Friday, May 20, 2011

Stephen King Month: Firestarter (1984)

I'm pretty sure Firestarter is the first Stephen King movie I ever saw, although I'm not sure if I ever managed to see the whole thing. I remember watching bits and pieces of it on TV as a kid, but watching it again this week, I definitely noticed a lot of unfamiliar parts. Obviously the TV snippets were enough for me back then, and seeing the whole film hasn't really changed that judgment. Characters on the run from secret government experiments was a popular plot device in the '80s, and the first half of Firestarter is a fairly uninspired chase movie, with seriously crappy acting from David Keith as telepath Andy McGee and Drew Barrymore as his pyrokinetic daughter Charlie. The movie improves a little in its second half, after George C. Scott shows up as a devious and possibly insane government agent, and the action shifts to a secret compound where Andy and Charlie have been imprisoned.

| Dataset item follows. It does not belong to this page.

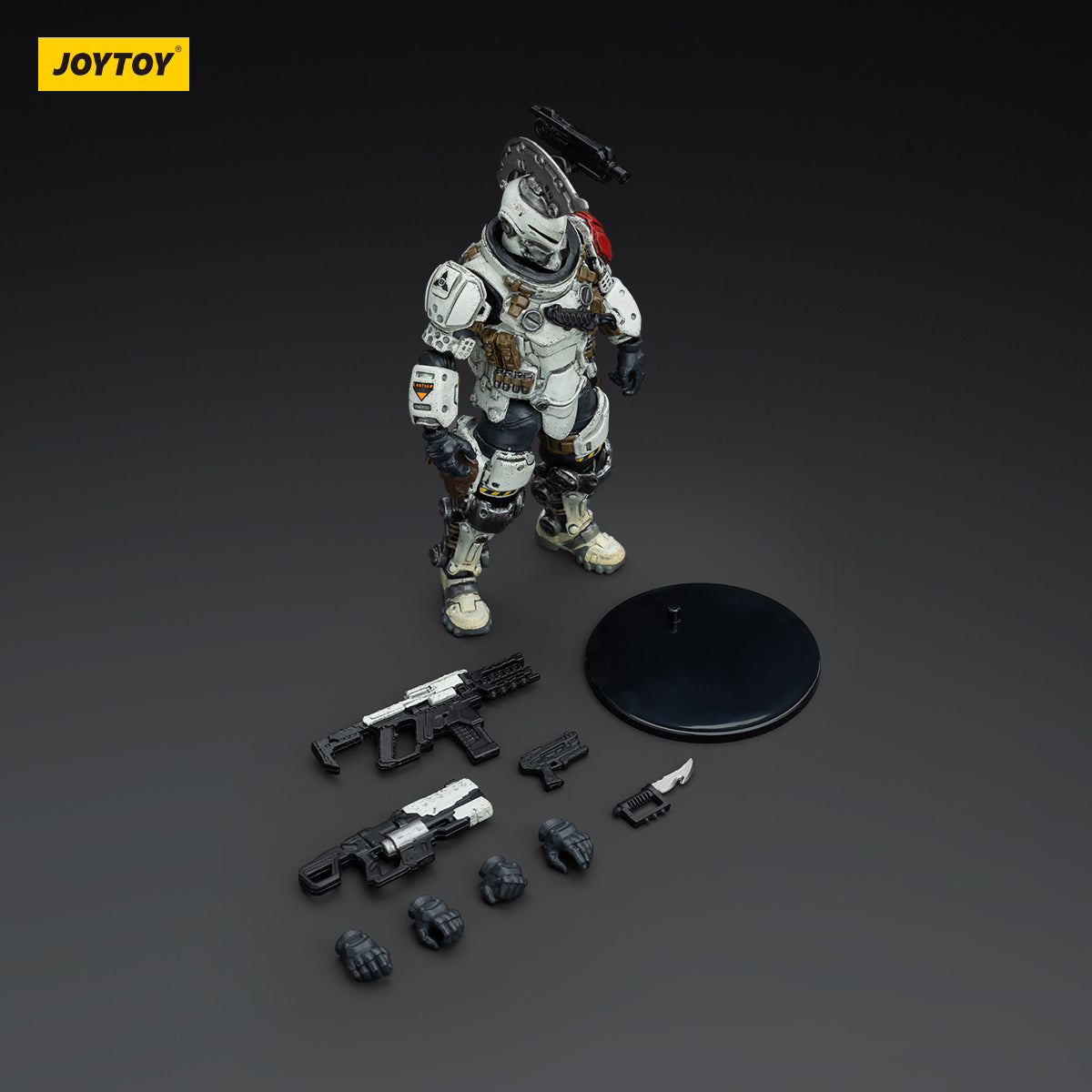 Package contents for Sorrow Expeditionary Forces - 09th Legion Assault Company - Sergeant Major. Includes the figure, interchangeable hands, rifle, blade, and accessories.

It's still pretty cheesy (especially the awkward, stunt-filled climax), and Keith and Barrymore are still pretty bad, but Scott really digs in to the role of the damaged government agent who's seen too much and has calmly gone off the deep end. The way he cheerily manipulates Charlie and then coldly talks about how he plans to kill her is pretty chilling, and Scott gives it every bit of casual menace it deserves. His character's fate is about as disappointing as everyone else's, but at least he offers up some excitement along the way.

Firestarter was Barrymore's first role after her breakthrough in E.T., and it smacks of producers trying too hard to give her something edgy and impressive. Even though she's become a better actress as she's moved into adulthood, she's still fundamentally sort of cutesy and whiny, and those qualities really drag down her performance here. Charlie is meant to be formidable and intimidating, but even when she's burning down the entire compound and killing dozens of people at the end of the movie, she just looks pouty and cranky. Firestarter is really more sci-fi than horror, but that final sequence should be at least a little unsettling. Instead, Barrymore (along with the second-rate effects) makes it sort of silly. Scott's performance aside, sort of silly is about the best this movie has to offer.

How far to Castle Rock: Andy and Charlie spend the movie's first half on the lam from the government, but they never make it to rural Maine.